Your answer should be the lines from the start of the records through the line with "FDGAO 15W Wireless", copied word for word.
<<<<
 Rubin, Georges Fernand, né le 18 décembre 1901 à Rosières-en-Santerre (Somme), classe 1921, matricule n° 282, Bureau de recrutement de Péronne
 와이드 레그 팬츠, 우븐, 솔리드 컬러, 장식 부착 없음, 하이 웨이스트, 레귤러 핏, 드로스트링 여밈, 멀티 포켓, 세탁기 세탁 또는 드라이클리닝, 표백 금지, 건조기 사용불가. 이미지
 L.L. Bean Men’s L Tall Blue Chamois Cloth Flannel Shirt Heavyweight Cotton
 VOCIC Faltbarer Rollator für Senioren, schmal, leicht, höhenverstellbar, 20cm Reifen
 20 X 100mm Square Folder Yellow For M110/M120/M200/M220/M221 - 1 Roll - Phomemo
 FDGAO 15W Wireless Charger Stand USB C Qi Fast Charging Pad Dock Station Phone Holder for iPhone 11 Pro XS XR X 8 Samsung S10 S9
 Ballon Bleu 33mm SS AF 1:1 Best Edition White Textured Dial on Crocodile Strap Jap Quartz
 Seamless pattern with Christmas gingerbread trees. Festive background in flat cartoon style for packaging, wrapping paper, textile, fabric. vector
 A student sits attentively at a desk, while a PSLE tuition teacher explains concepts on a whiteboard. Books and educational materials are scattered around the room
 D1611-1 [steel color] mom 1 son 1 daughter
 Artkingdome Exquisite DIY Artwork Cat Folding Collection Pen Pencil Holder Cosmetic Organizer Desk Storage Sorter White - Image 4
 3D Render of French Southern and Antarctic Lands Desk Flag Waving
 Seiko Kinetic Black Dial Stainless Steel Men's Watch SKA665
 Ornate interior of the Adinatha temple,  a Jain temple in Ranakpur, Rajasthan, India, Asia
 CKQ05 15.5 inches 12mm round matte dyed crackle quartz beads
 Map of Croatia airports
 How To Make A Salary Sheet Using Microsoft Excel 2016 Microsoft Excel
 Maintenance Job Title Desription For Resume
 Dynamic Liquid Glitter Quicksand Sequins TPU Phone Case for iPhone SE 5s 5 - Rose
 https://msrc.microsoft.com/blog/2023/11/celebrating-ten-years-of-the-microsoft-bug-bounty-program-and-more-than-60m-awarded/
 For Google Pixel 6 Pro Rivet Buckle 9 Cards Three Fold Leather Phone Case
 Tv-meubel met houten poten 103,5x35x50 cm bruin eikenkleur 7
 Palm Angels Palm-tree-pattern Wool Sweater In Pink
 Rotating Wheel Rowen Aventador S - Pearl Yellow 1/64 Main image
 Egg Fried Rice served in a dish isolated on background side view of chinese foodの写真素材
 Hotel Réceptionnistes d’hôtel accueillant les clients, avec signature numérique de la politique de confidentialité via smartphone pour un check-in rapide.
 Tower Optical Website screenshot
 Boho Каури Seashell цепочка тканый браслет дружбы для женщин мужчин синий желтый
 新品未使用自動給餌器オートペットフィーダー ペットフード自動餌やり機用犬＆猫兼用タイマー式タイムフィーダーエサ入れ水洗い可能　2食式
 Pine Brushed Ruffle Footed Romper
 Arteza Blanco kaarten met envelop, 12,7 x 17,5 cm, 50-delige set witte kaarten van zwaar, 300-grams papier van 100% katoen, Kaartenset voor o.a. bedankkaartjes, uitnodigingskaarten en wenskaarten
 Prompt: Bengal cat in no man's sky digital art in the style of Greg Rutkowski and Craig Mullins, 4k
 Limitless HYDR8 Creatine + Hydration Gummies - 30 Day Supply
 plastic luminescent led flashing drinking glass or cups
>>>>
Output for this task:
 Rubin, Georges Fernand, né le 18 décembre 1901 à Rosières-en-Santerre (Somme), classe 1921, matricule n° 282, Bureau de recrutement de Péronne
 와이드 레그 팬츠, 우븐, 솔리드 컬러, 장식 부착 없음, 하이 웨이스트, 레귤러 핏, 드로스트링 여밈, 멀티 포켓, 세탁기 세탁 또는 드라이클리닝, 표백 금지, 건조기 사용불가. 이미지
 L.L. Bean Men’s L Tall Blue Chamois Cloth Flannel Shirt Heavyweight Cotton
 VOCIC Faltbarer Rollator für Senioren, schmal, leicht, höhenverstellbar, 20cm Reifen
 20 X 100mm Square Folder Yellow For M110/M120/M200/M220/M221 - 1 Roll - Phomemo
 FDGAO 15W Wireless Charger Stand USB C Qi Fast Charging Pad Dock Station Phone Holder for iPhone 11 Pro XS XR X 8 Samsung S10 S9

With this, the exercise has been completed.